60S ribosomal protein L38 is a protein that in humans is encoded by the RPL38 gene.

Gene 
The human RPL38 gene resides on the long arm of chromosome 17 at 17q25.1.  It consists of five exons spread out over a distance of 6223 bp.  The 213 nucleotide open reading frame encodes a 70 amino acid protein. Alternative splice variants have been identified, both encoding the same protein. As is typical for genes encoding ribosomal proteins, there are multiple processed pseudogenes of this gene dispersed through the genome, including one located in the promoter region of the angiotensin II receptor type 1 gene.

Function 

Ribosomes, the organelles that catalyze protein synthesis, consist of a small 40S subunit and a large 60S subunit. Together these subunits are composed of 4 RNA species and approximately 80 structurally distinct proteins. This gene encodes a ribosomal protein that is a component of the 60S subunit. The protein belongs to the L38E family of ribosomal proteins. It is located in the cytoplasm.

Genetics

An ~18kbp deletion, encompassing the entire Rpl38 locus underlies the phenotype in the Tail-short (Ts) mutant mouse. In homozygous state, Ts mice die at around 3–4 days of gestation.
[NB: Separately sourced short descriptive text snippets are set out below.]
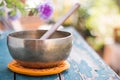 Singing bowl on a rustic wooden table with flowers, zen, outdoors Royalty Free Stock Photo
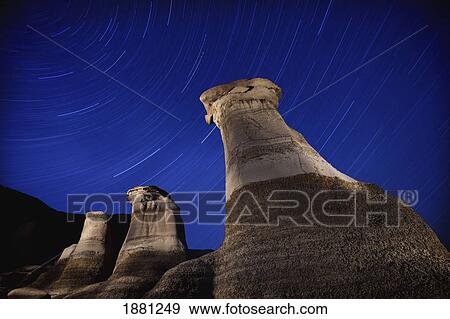 hoodoos and star trails in the sky; drumheller, alberta, canada View Large Photo Image Stock Photo - hoodoos and star trails in the sky; drumheller, alberta, canada. Fotosearch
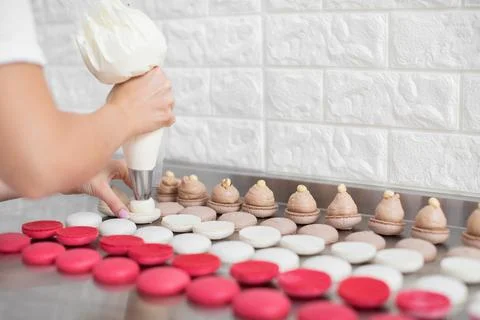 Step by step process of making macarons in confectionery shop. Close up Stock Photos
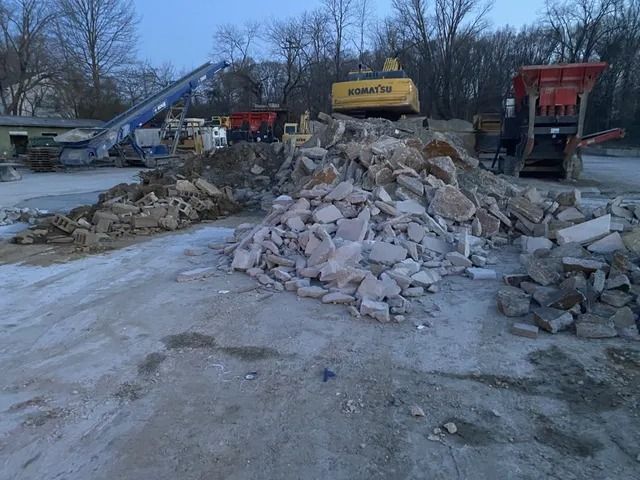 Road construction site with an excavator and dump trucks behind piles of broken concrete rubble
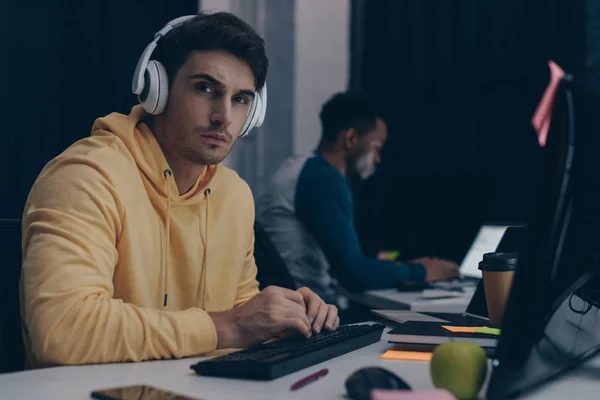Enfoque selectivo de un joven programador en auriculares mirando a la cámara mientras trabaja cerca de un colega afroamericano - foto de stock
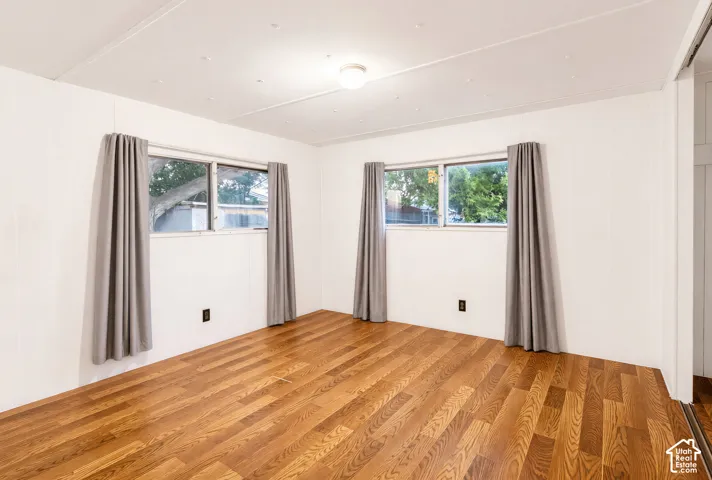Wood-finish flooring, white paneled walls, and two windows with simple drapes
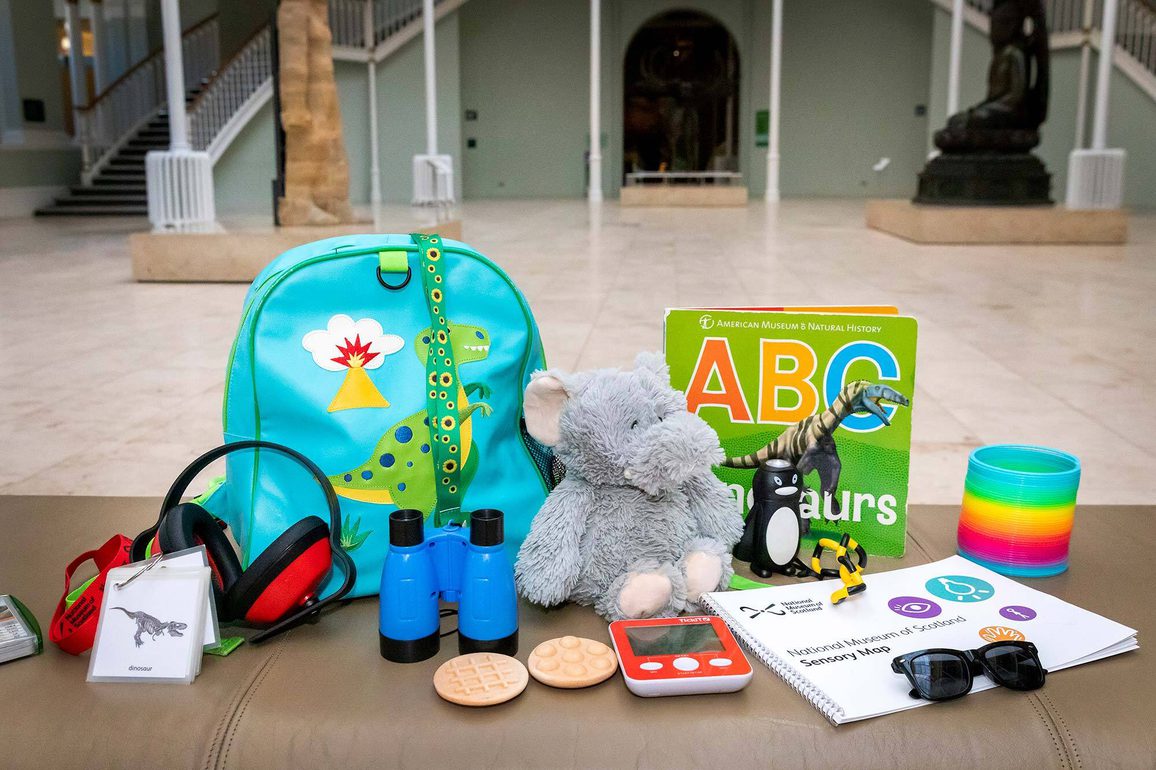 A selection of sensory objects on a bench in a museum gallery. Some of the objects include ear defenders, a cuddly elephant toy, binoculars, and sunglasses.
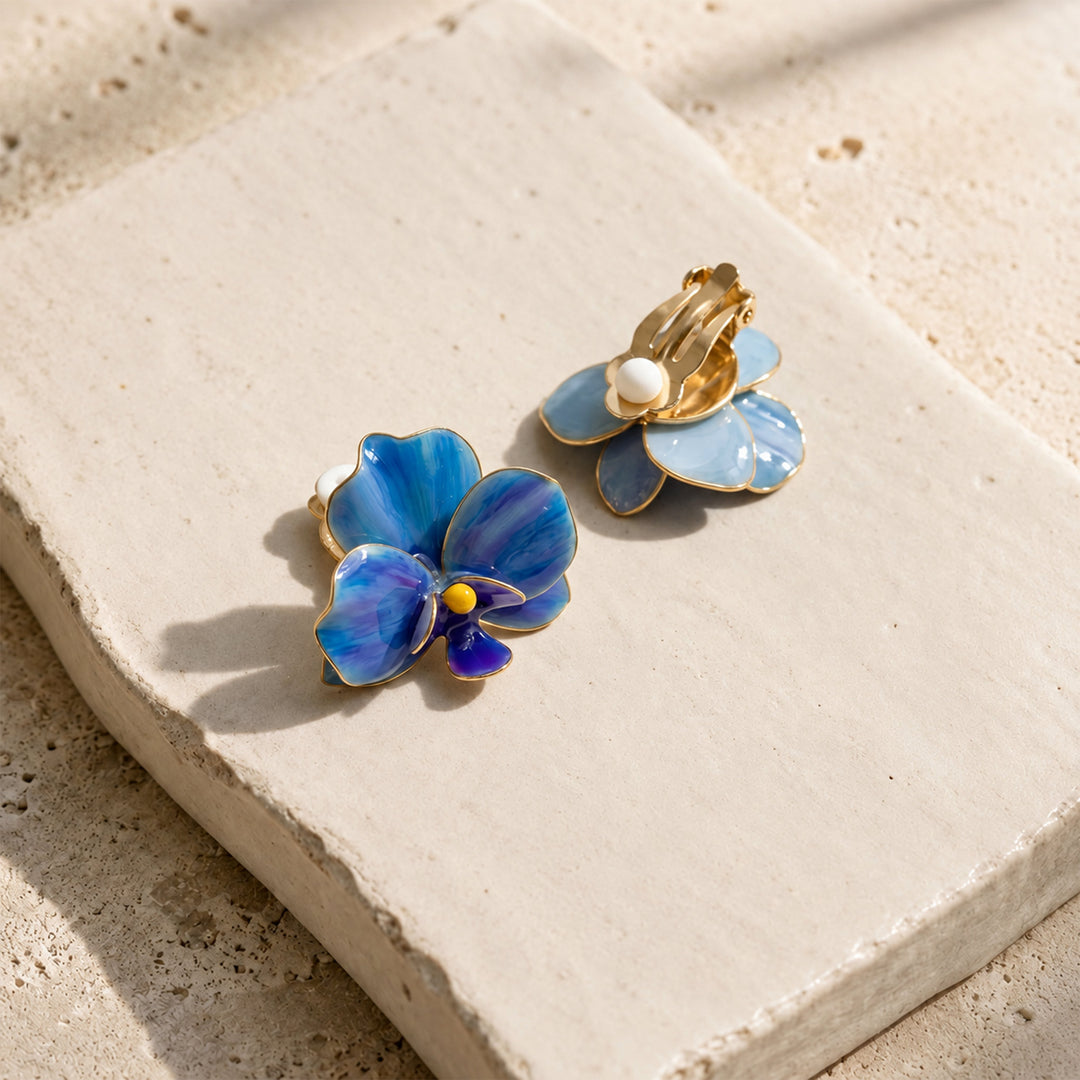 A pair of gold-tone blue orchid earrings with blue and light blue enamel petals, displayed on a textured beige stone tile.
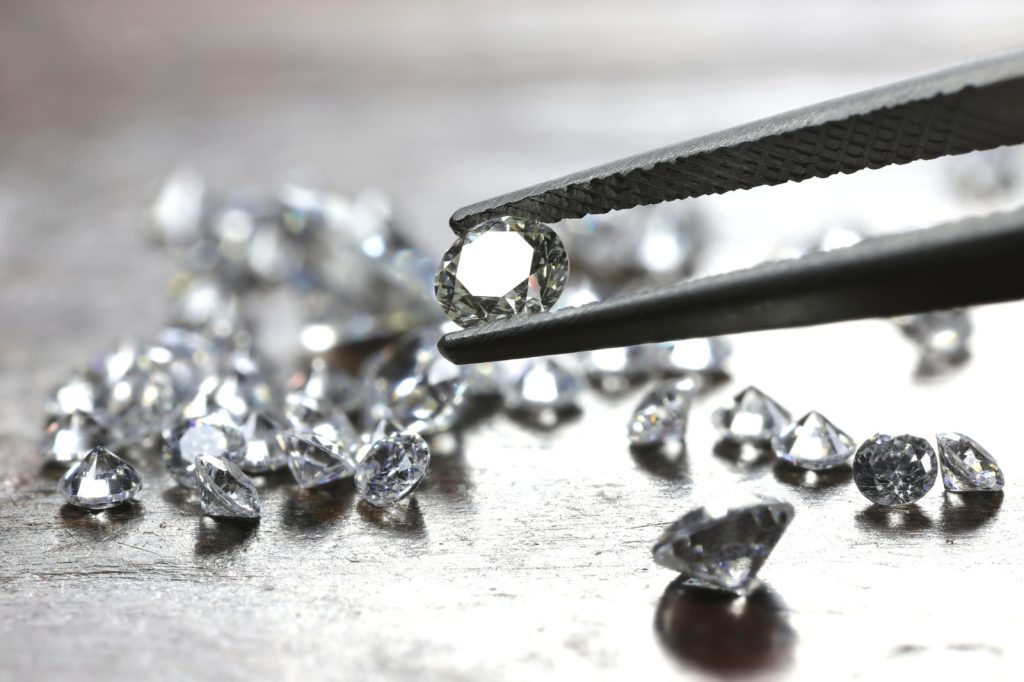 Round-cut diamond held by tweezers with loose diamonds scattered on a wooden surface in the background.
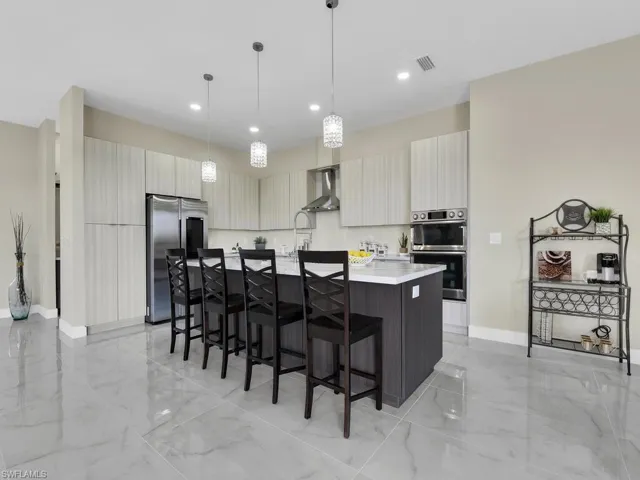 Kitchen with an island with sink, hanging light fixtures, wall chimney exhaust hood, appliances with stainless steel finishes, and a breakfast bar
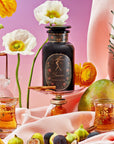 A decorative bottle labeled "Taurus: Tea of Venusian Garden Delights" from Magic Hour is surrounded by vibrant yellow and white flowers, fresh fruit including pineapple, mango, and figs, with a pink and purple gradient background. Two ornate glasses with amber liquid from the Magic Hour collection are placed in the foreground.
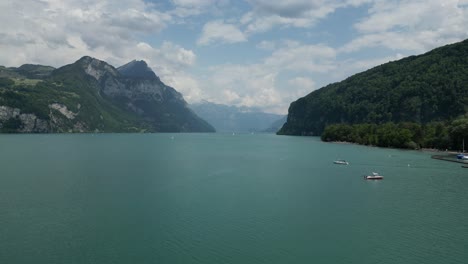 Boats sailing on the lake in front of a small village in G&auml;si Betlis, Walensee Glarus, Weesen Walenstadt, Switzerland- drone shot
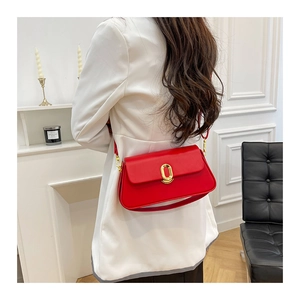 Detail view of a red leather square crossbody bag with a gold oval twist lock on a model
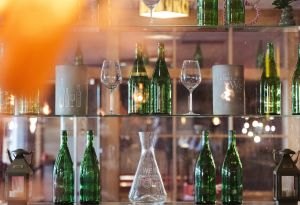 Zwei Glasregale mit grünen Weinflaschen, Weingläsern und runden Deko-Zylindern mit gravierten Motiven, darunter einer mit Text über Wein.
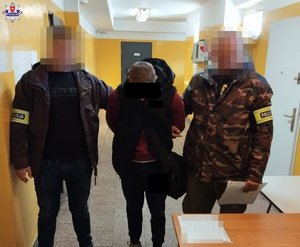 Dwaj funkcjonariusze prowadzą zatrzymanego.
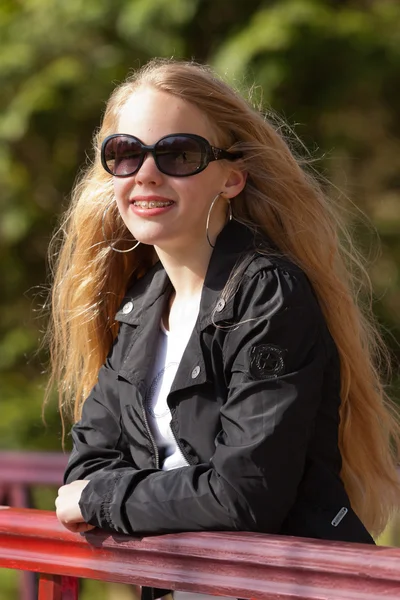 Jovem com cabelo loiro longo e óculos de sol na ponte no par — Fotografia de Stock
Ts/+ heterozygous embryos undergo an anemia and develop skeletal malformations. During the perinatal period ~30% of the heterozygotes die.  The surviving heterozygous Ts exhibit great variations of shortened, kinked and otherwise malformed tails. They also weigh less than their wild-type littermates but have otherwise a normal life span.  Additionally, Ts mice develop a conductive hearing loss shortly after the onset of hearing at around 3–4 weeks of age.  The hearing loss is the result of ectopic ossification along the round window ridge at the outside of the cochlea, massive deposition of cholesterol crystals in the middle ear cavity, an enlarged Eustachian tube and a chronic otitis media with effusion.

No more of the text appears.